State Tree Event Consumption

Hey,

I’m wondering if you can help provide us some guidance regarding using State Trees. We’re currently on 5.6.

We’re using them to handle a complex “Reward System” which hooks into our gameplay which fires off game specific events when players perform actions. We then have a number of state trees with global tasks on them listening for gameplay events they care about. These global tasks on each state tree then send an event to the internal State Tree event queue.

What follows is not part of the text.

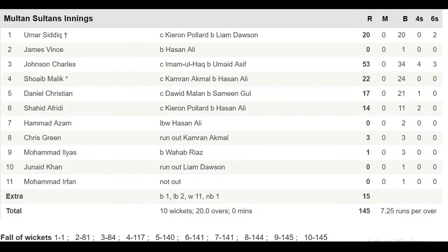Here is the complete scorecard of Multan Sultans' innings: Umar Siddique made 20 runs. James Wins got a first-ball duck. Johnson Charles made 53 runs. Shoaib Malik made 22 runs. Daniel Christian made 17 runs. Shahid Afridi made 14 runs. Hammad Azam made 0. Chris Green made 3 runs. Muhammad Ilyas made 1 run. Junaid Khan made 0. Mohammad Irfan remained not out on 0.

This event queue is shared among all state trees for a specific player using the built in State Tree functionality to share an event queue.

Our state tree then follows an example pattern of:

[Image Removed]

ST_OnPlayerKill (Attached Image)

[Global Task] Listen for Event > Send State Tree Event “Event.StateTree.PlayerKill”

> Root

>> Listen for Kill Event : [Transition - OnEvent “Event.StateTree.PlayerKill” -> On Kill Event - Consume Event = true]

>> On Kill Event : [Entry Event Requirement = “Event.StateTree.PlayerKill” - Consume Event = true]

We seem to be facing a bunch of issues with this setup which I can’t quite understand why it doesn’t work properly.

  1. Is event consumption fully functional? I’m finding that I can’t get ANY events to be consumed when just having Consume Event true on the “On Kill Event” entry requirement. It only seems to work when I set Consume Event to true on the transition of the “Listen for Kill Event” state.
  2. We’re seeing that even though theoretically our state trees can complete their execution in a single frame (due to not needing to wait on any states and all logic being performed on state entry) once we enter the “On Kill Event” state. We’re still finding that the state will run over a number of frames and it’s not entirely clear what is causing it to be spread out over multiple frames. Or how the state execution context instanced data is safe to persist that way (given it can contain UObject pointers to constantly changing actors etc). Is there a way to ensure a state tree will operate over a single frame if it doesn’t require waiting in any states?
  3. What is the correct way to architect a state tree to effectively run the state “On Kill Event” once per event added to the event queue and also consume the event. Then after the state “On Kill Event” has finished execution, we would like to go back to Root and check the event queue in “Listen for Kill Event” again and process/consume all events it can.

I realise that we may not be using State Tree in the way it was entirely designed for with spending no real time in states themselves, but it would be nice if we can get this working for our use case with the control it gives our designers.

One of the things I’ve run into a bunch of times is that the Root state, if set to “Try to enter children in order”, will evaluate the states the next frame. You have to be careful of the entry conditions for each child state of the root or else it will keep starting over.

One method I’ve used is to have the root just use “Try to enter” and give it a task that fires an initialization state tree event after the first frame. Then in the root have a transition rule that moves to the desired first state on that event.

It helps prevent the root from constantly reevaluating all its children.

Hi John,

Thanks for the idea! I’ll try making the additional task you talk about and changing the root to “Try to enter”.

One thing I did find when looking deeper in the State Tree code is the following in:

FStateTreeExecutionContext::TickTriggerTransitionsInternal()

// The state selection is repeated up to MaxIteration time. This allows failed EnterState() to potentially find a new state immediately.
// This helps event driven StateTrees to not require another event/tick to find a suitable state.
static constexpr int32 MaxIterations = 5;
for (int32 Iter = 0; Iter < MaxIterations; Iter++)

It seems that regardless of any setup, this hardcoded restriction means realistically we can only perform 5 transitions per frame. Bumping this up to cover the number of states in our tree and we then get it to fully execute in a single frame.

However I don’t really have a reliable way to change the engine to handle this. Our “On Kill Event” state has ~15 states. If we set MaxIterations to 15 we can cover 1 whole event. But if we get 3 kill events come in (some form of multikill) then we will hit the same issue and event consumption/execution will spread out across multiple frames, potentially invalidating any bound objects that may die/delete in subsequent frames.

We’re not really sure how we can effectively solve this.

I’ve found I can collapse some events into having multiple tasks on a state to handle the various situations or use child states to break it up into more logical chunks, leaving fewer transitions on a parent state.

The number of transitions is limited to an arbitrary value to prevent infinite loops of transitions in a single frame. If you need to proceed through each child state every event, could those states have their tasks combined into one state? If ordering of the tasks is the concern, you could use StateTreeDelegates to broadcast when the next task should run logic.